Les ruptures sont nombreuses : au-delà de cette découverte de l’impuissance de la puissance, il y a un véritable écroulement des deux mythes, celui de l’invincibilité d’Israël et celui de l’incapacité des organisations palestiniennes, surtout de celles qui recourent au mode terroriste. En cela, l’apparentement avec le 11-Septembre est sensible ! Mais il y a aussi deux paramètres internationaux qui font évoluer la perception même de l’environnement international : on découvre clairement l’incapacité croissante des vieilles puissances mondiales dans la région et, en pointillé, la force de l’identification des peuples du Sud, frappés eux aussi de toutes sortes de désespoirs et qui font leur la cause palestinienne, ce dont les Nations unies se font actuellement l’écho. Ce substrat social mondial et cette puissance de l’identification ne sont pas à négliger et refondent plus ou moins à bas bruit le jeu conflictuel international.

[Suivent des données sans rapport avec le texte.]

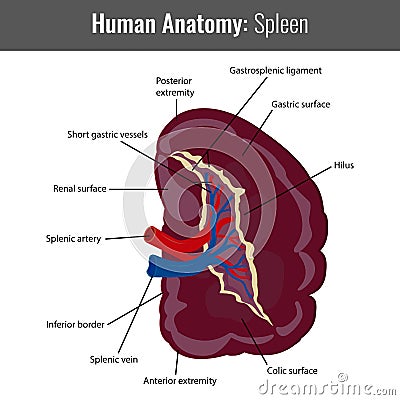 Human Spleen detailed anatomy. Vector Medical Vector Illustration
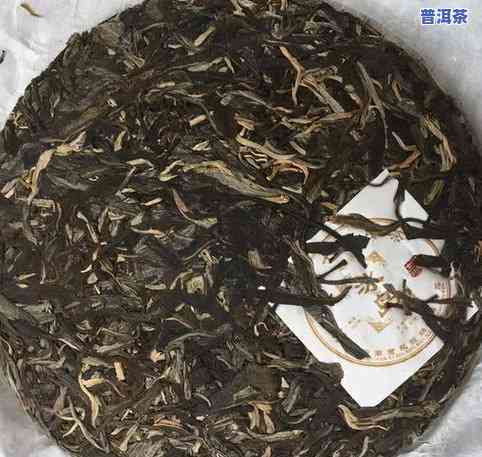 江城普洱茶属哪个茶区：探讨其特点与管理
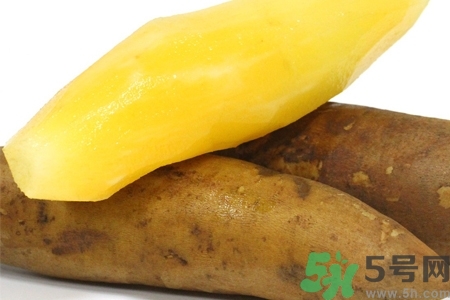 云南高山雪莲果功用,天山雪莲果多少钱一斤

Compte tenu de la sclérose du Conseil de sécurité des Nations unies et de l’incapacité ou du refus des grandes puissances occidentales d’exercer de véritables pressions sur Israël, pensez-vous que la solution à deux États est aujourd’hui définitivement morte et enterrée ? Est-elle devenue encore plus utopique que la solution binationale ?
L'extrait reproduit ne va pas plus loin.